Comment gérer l’équilibre entre grands groupes et start up dans un quartier d’affaires ?

Francky Trichet – Il faut faire des quartiers de vie, avec des lieux de friction créative qui font partie du bien commun et qui sont souvent gérés par des associations. Les grands groupes peuvent y envoyer leurs cadres pour aller “s’oxygéner l’esprit”. D’ailleurs, la théorie qui consiste à dire : “les grands groupes vont faire venir des start-up dans leurs locaux” n’est pas forcément la bonne. A force, cela risque d’assécher le vivier. Souvent, mieux vaut faire l’inverse : je conseille aux grandes entreprises d’envoyer leurs cadres, leurs équipes de management dans ces lieux là. Ce sera beaucoup plus profitable. D’ailleurs, il y a eu un basculement. Les grands groupes ont compris que les start-up n’avaient pas forcément envie d’aller dans leurs locaux. Il ne faut pas que les grands groupes viennent aspirer les start up dans leurs locaux. Il faut laisser ces lieux dans lesquels il y a un temps de maturation pour que les jeunes projets émergent, avec de la friction, de l’échange, un peu comme dans les couloirs d’une résidence étudiante. Il est bon d’avoir des start-up concentrées dans un même lieu : ça grouille, ça échange… Si l’on peut en plus avoir un accélérateur en interne c’est mieux. Nous avons Imagination Machine qui s’inscrit dans cette logique, qui apporte une autre culture, une forme de renouveau. Tout cela fonctionne un peu comme un centre de formation, un autre domaine dans lequel Nantes s’est distingué d’ailleurs. C’est un peu l’effet Canari : on aime bien accompagner nos jeunes pousses !
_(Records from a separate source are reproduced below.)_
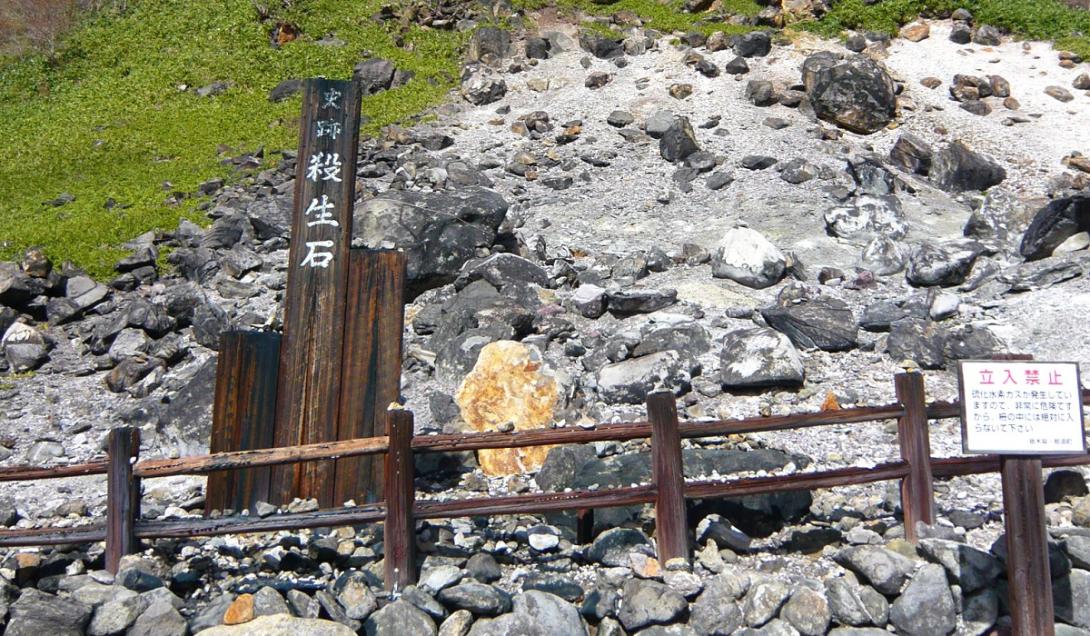  "Pedra da Morte" onde demônio maligno estaria aprisionado aparece quebrada no Japão-0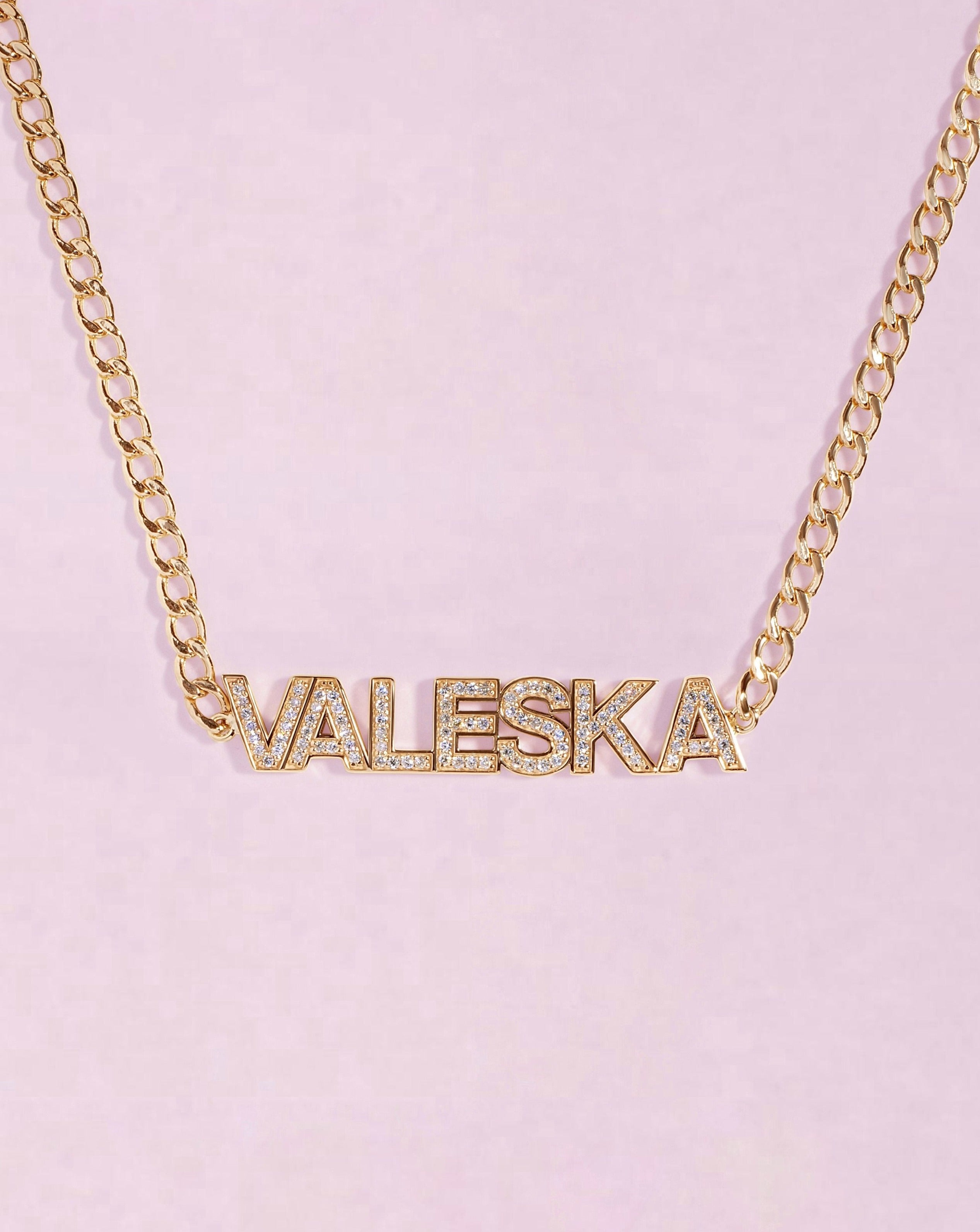 Diamond Bold Name On Curb Chain Necklace - Sparkle Society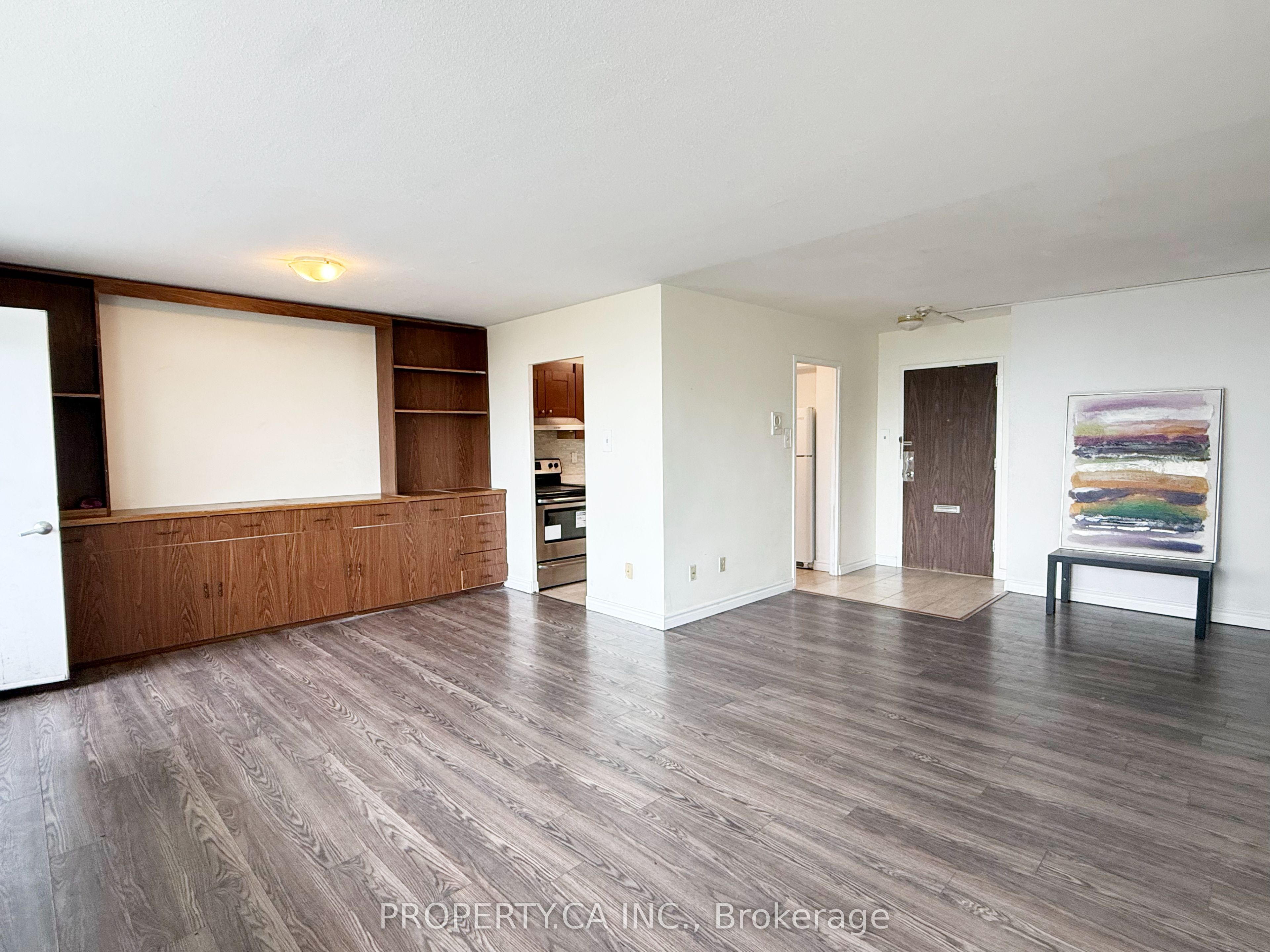 10 Parkway Forest Drive 411 Property Photo 2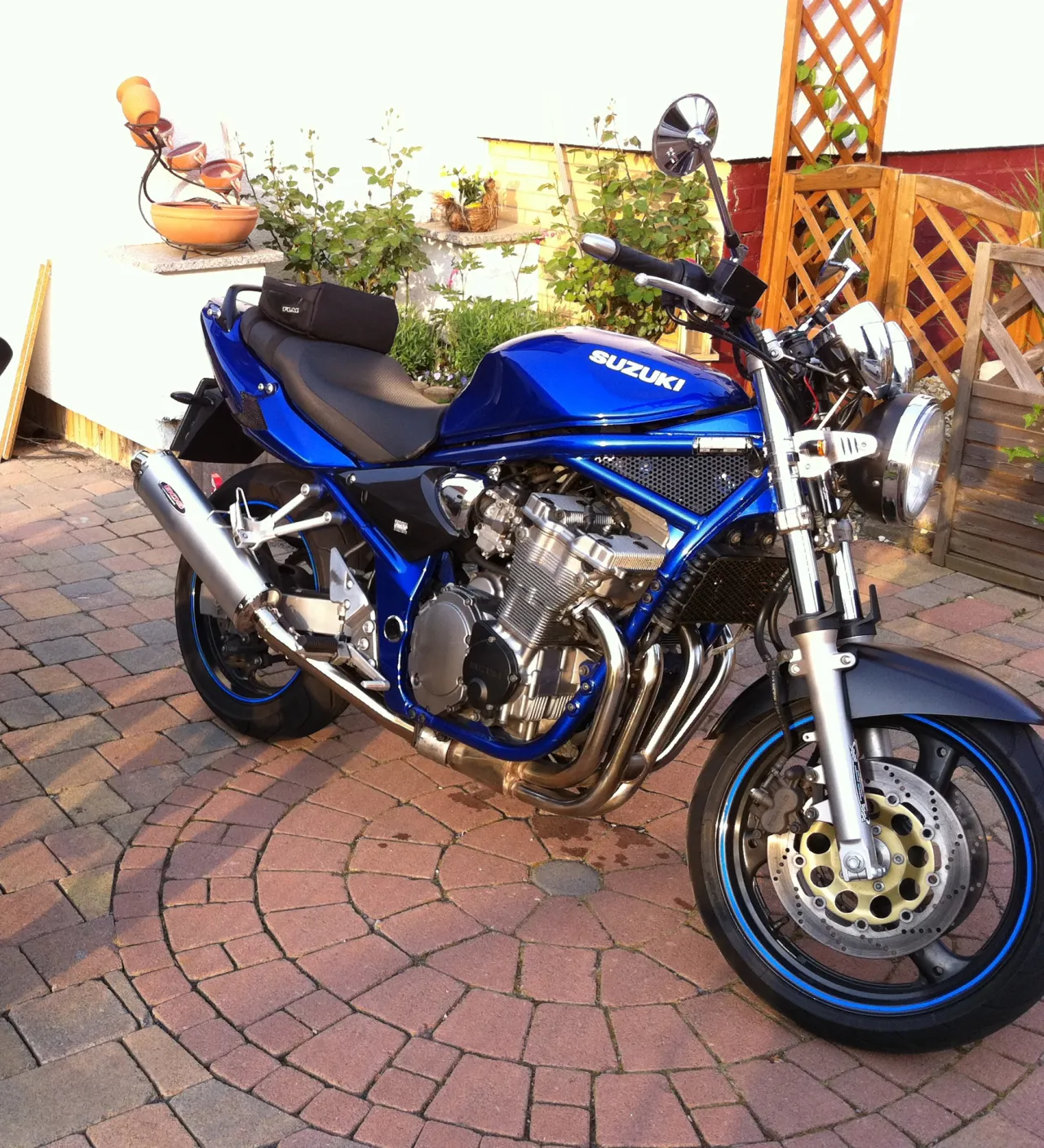Suzuki Bandit 600 GSF600N, side profile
Le Quartier de la création et Euronantes incarnent deux conceptions très différentes du quartier d’affaires…

F. T. – Ce n’est pas la même histoire… Sur le Quartier de la création, nous avons pu revaloriser un patrimoine industriel, avec un petit côté “Station F”. Pour Euronantes, il n’y avait quasiment rien, il a fallu tout construire. C’est donc plus moderne, plus urbain, dans le sens d’un quartier d’affaires classique. Mais Euronantes est situé à proximité de  la gare, ce qui est un avantage non négligeable pour les entreprises, et du quartier de la création. Le quartier va prendre vie : il faut laisser le temps au temps, pour qu’une alchimie se produise… Bien sûr, Euronantes est moins bouillonnant que le Quartier de la création, et ce n’est pas le genre d’endroits où l’on installerait l’équivalent de La Cantine. Mais il y a des entreprises qui jouent un peu ce rôle à leur manière, comme iAdvize, une belle start-up nantaise.

Les Nantais se retrouvent-ils dans cette ville en transformation ?

Francky Trichet – Les Nantais adorent voir leur ville se transformer avec ces axes que constituent l’innovation, la créativité et la nature en ville. Evidemment, certains quartiers se gentrifient. C’est le cas dans toutes les métropoles qui se transforment, mais nous sommes très vigilants, nous mélangeons les usages, en intégrant 25% de logement sociaux dans les immeubles. De toutes façons, s’il n’y a plus de mixité, il n’y a plus d’écosystème fertile. La mixité est primordiale. Une ville meurt si il y a une consanguinité intellectuelle, une gentrification trop forte. Il faut de la mixité, des friches contrôlées, pour qu’une ville reste créative.